Pero esta fuerza fuerte no era lo único que faltaba en el conocimiento de la época.
La radiactividad del uranio se conocía desde las observaciones de Henri Becquerel en 1.896, y se presentaba como el resultado de otra interacción (la fuerza débil) diferente de la fuerte y de la electromagnética. Incluso un neutrón, si se deja libre, sufriría una desintegración radiactiva en un periodo de unos quince minutos.
Uno de los misteriosos productos de la radiactividad era el evasivo neutrino, propuesto como hipótesis provisional por Pauli en 1.929, aunque no fue obserado directamente hasta 1.956.
Ahora, las cosas se conocen mejor y se dispone de una imagen más completa conocida como modelo estándar de la física de partículas. Este modelo parece acoger casi todo el comportamiento observado concerniente al vasto conjunto de partículas que hoy conocemos. Al fotón, el electrón, el protón, el positrón y el neutrón, se han añadido el muón y los diversos neutrinos, los piones (predichos por Yukawa en 1.934), los kaones, los lambdas, los sigmas y la celebradamente predicha por Gell-Mann, la omega menos.
El antiprotón fue directamente observado en 1.955, y el antineutrón en 1.956. hay nuevos tipos de entidades conocidas como los quarks, gluones, bosones W+, W– y Z0; hay vastas hordas de partículas cuya existencia es tan fugaz que no han sido nunca directamente observadas, por lo que suelen llamar “resonancias”.
El formalismo de la teoría moderna exige así mismo entidades transitorias llamadas partículas “virtuales”, y también cantidades conocidas como “fantasmas” que están aún más lejos de poder ser observadas en directo.

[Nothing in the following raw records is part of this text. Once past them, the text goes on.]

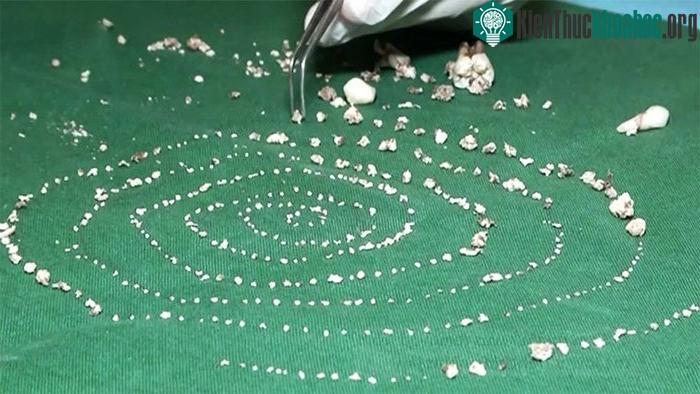 Số răng các bác sĩ đã lấy ra được từ miệng cậu bé.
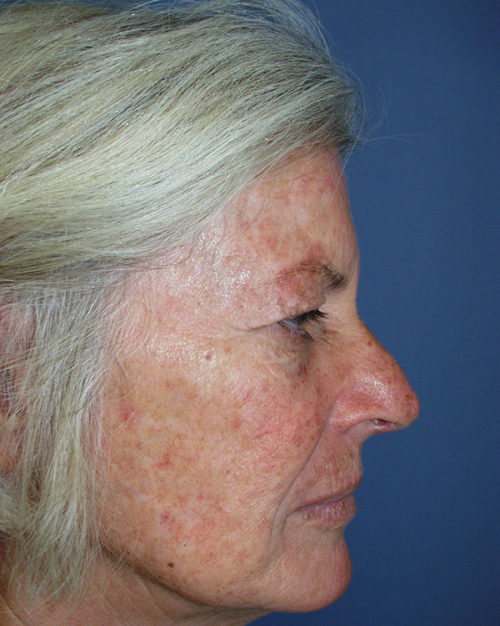 Eyelid Surgery Case 845 Before Photo Eyelid Surgery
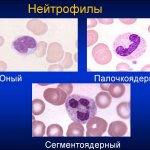 нейтрофилы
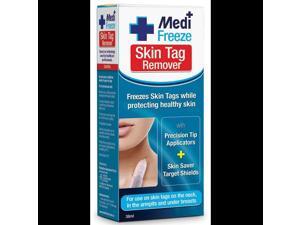 Medi Freeze Skin Tag Remover 38mL Medi Freeze Skin Tag Remover 38mL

Existe un número desmesurado de partículas propuestas (aún no observadas) que son predichas por ciertos modelos teóricos, aunque no son en absoluto consecuencias del andamiaje general de la física de partículas aceptada: a saber, bosones X, axiones, fotinos, gluinos, monopolos magnéticos, dilatones, etc.
Está también la misteriosa partícula de Higgs (aún no observada) cuya existencia, de una u otra forma, es esencial para la física de partículas actual, donde la partícula de Higgs se considera responsable de la masa de todas las partículas.

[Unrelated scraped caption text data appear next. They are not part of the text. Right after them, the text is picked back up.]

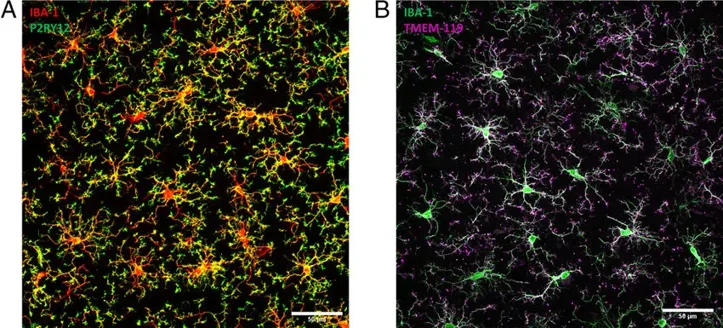 Imaging of microglia. (A and B) Shown are representative images of adult rat cortical microglia identified by double immunofluorescent labeling for anti-IBA-1 Ab (red) and anti-P2RY12 Ab (green) or anti-IBA-1 (A) or Ab (green) and anti-TMEM-119 Ab (magenta) (B).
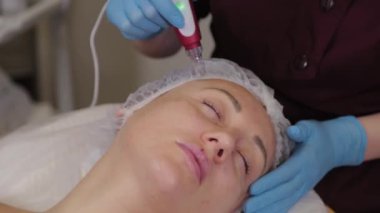 Professional beautician woman performs micronidling facial skin.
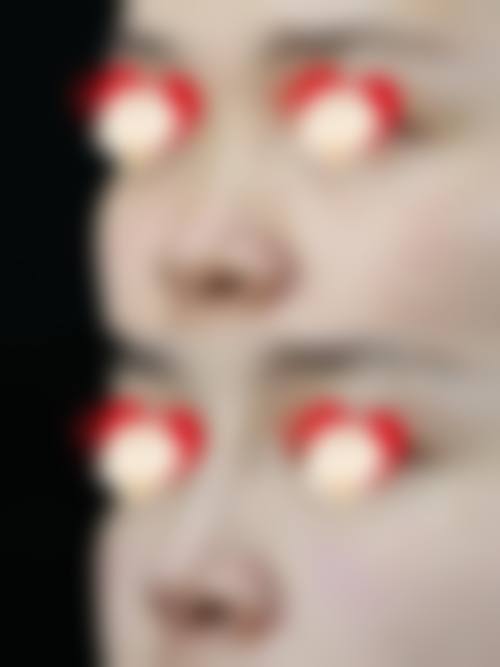 九、杭州颜星晶致美医疗美容门诊部真实的患者评价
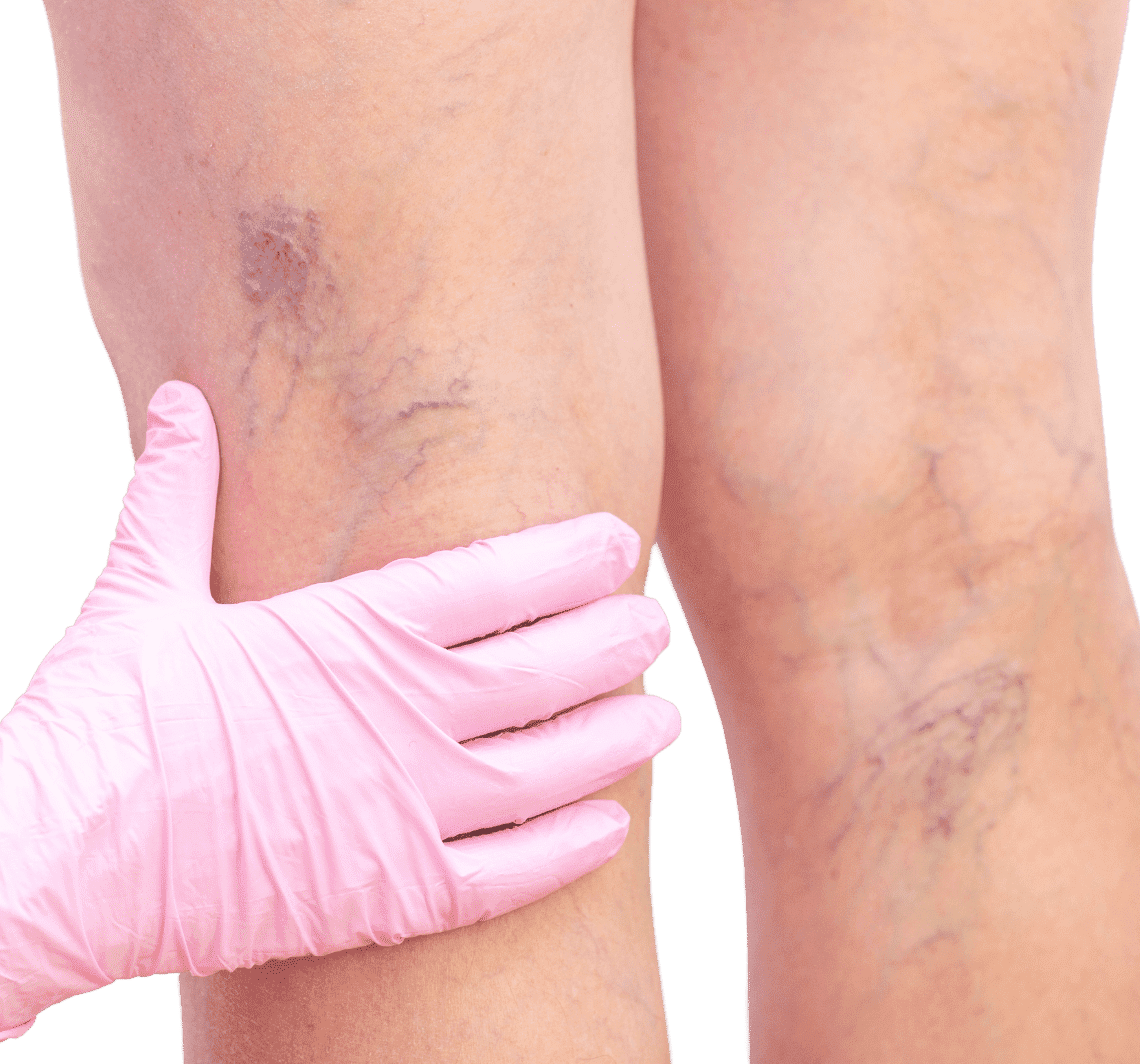 Best Varicose veins Treatment in Bangalore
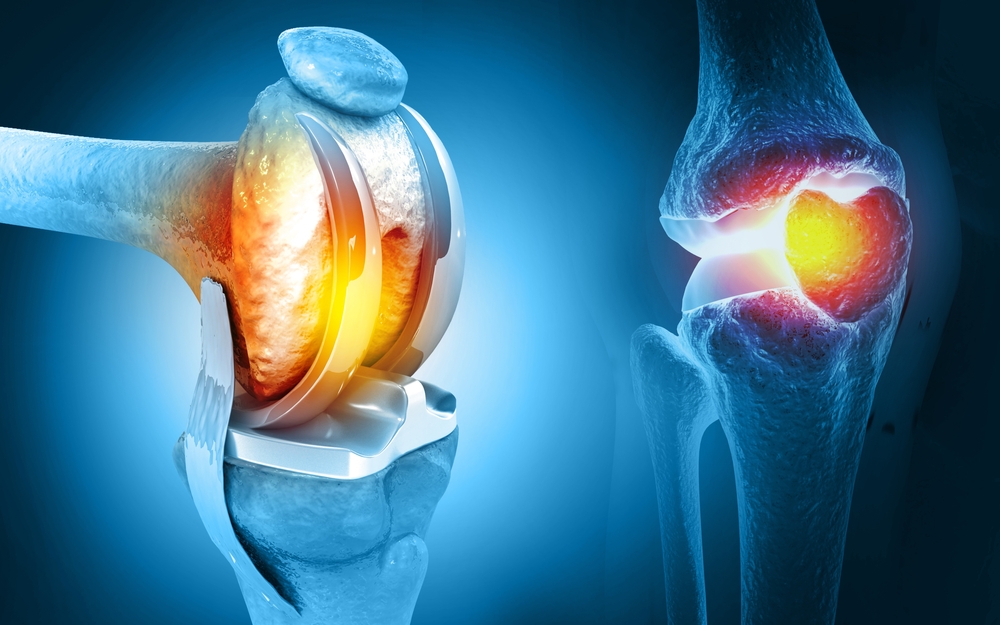 joint replacement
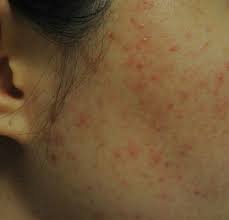 지루성 피부염 완치하려면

No he mencionado aquí el gravitón, la hipotética partícula mediadora de la gravitación, toda vez que la gravedad no está inmersa en el modelo estándar de la física, sino que está descrita por la relatividad general de Einstein.

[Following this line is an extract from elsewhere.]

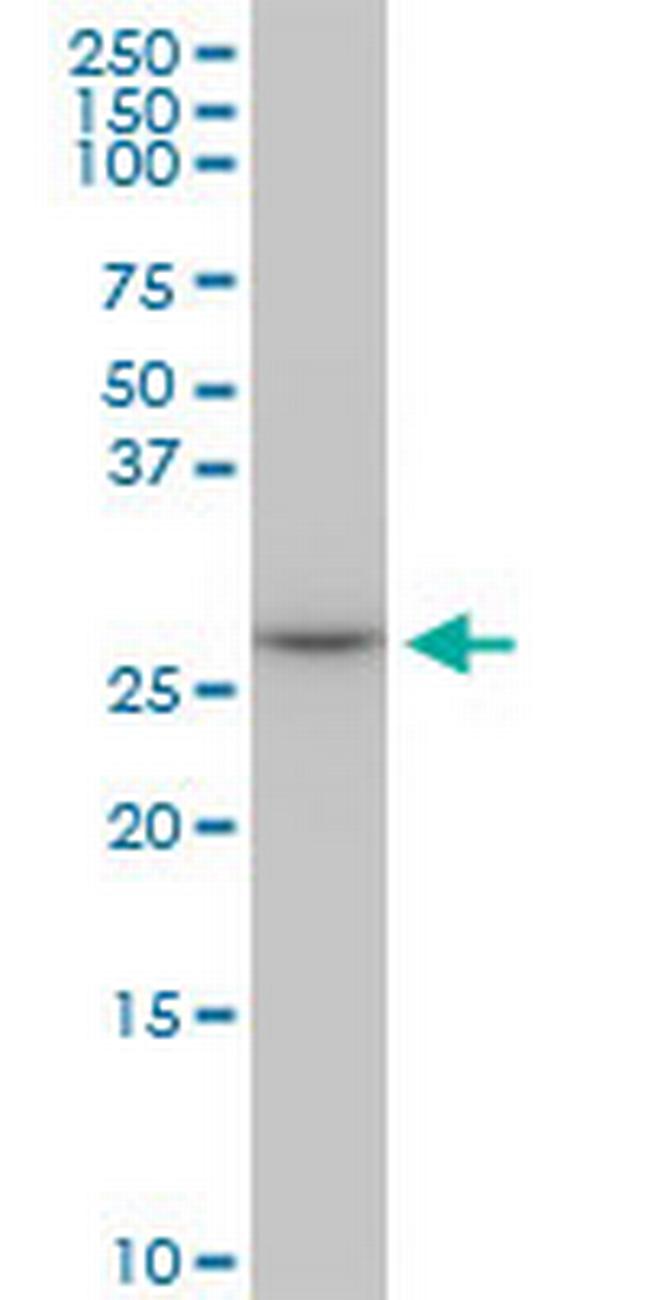 MAGEA12 Antibody in Western Blot (WB)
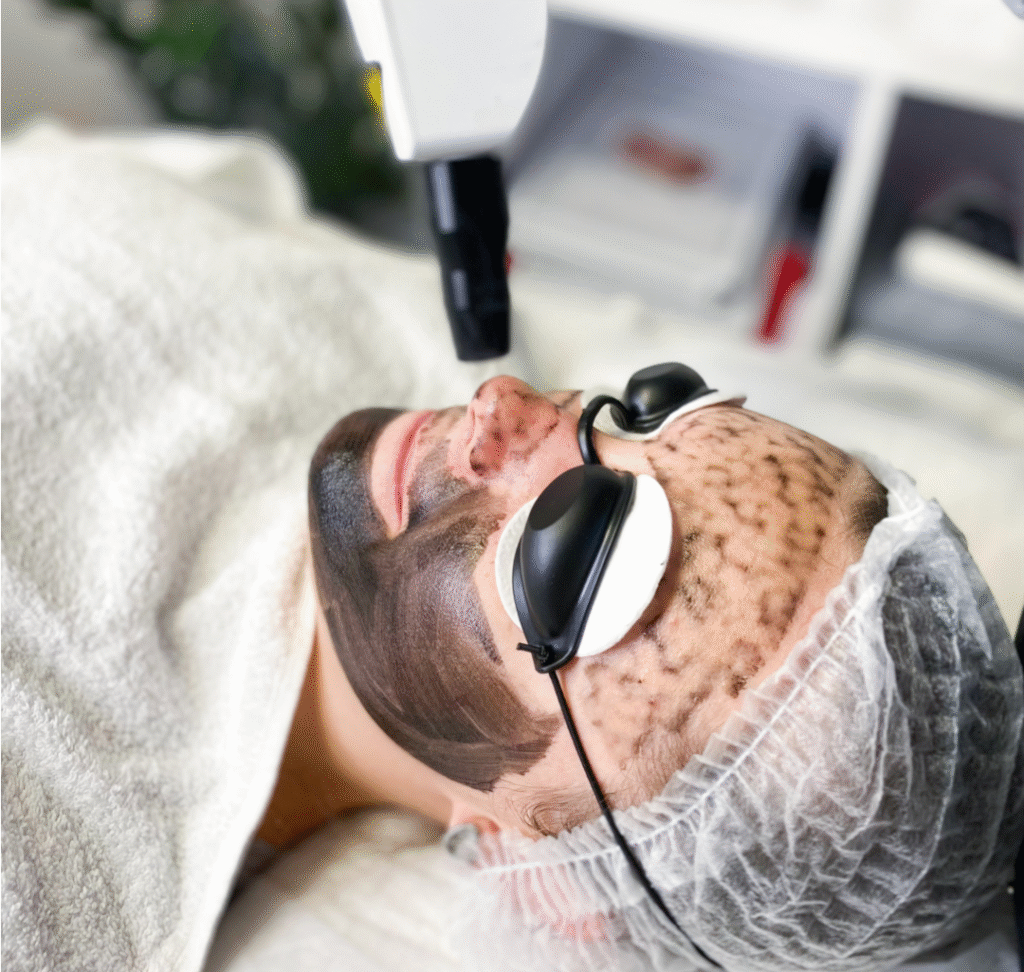 Laser Carbon Peel for Deep Skin Renewal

Es bien sabido que la mecánica cuántica (el universo de las partículas subatómicas) y la relatividad general (el universo de los grandes objetos cosmológicos), de momento no han sido unidas; se rechazan mutuamente con una ferocidad asombrosa.
Parece que la teoría de cuerdas no sólo no rechaza estas dos teorías antagónicas, sino que en sus más altas dimensiones las acoge de manera natural, y ambas se complementan para formar un todo en el que tienen cabida el universo de las partículas, de la gravedad, de las fuerzas fundamentales y de la materia.
Es bonito pensar que un día, pasado el tiempo, se contará con ese modelo completo que, sin estridencias, dé cabida a todo y nos lo pueda explicar todo. Un sueño que cada día está más cerca y, si nadie lo remedia, cuando el LHC se ponga en marcha en el próximo mes de marzo de 2009, tendremos las pruebas experimentales de la existencia muchas de las cosas antes pensadas y de los objetos predichos, así como de otras maravillas que nos llevarán de la mano hacia ese futuro prometedor.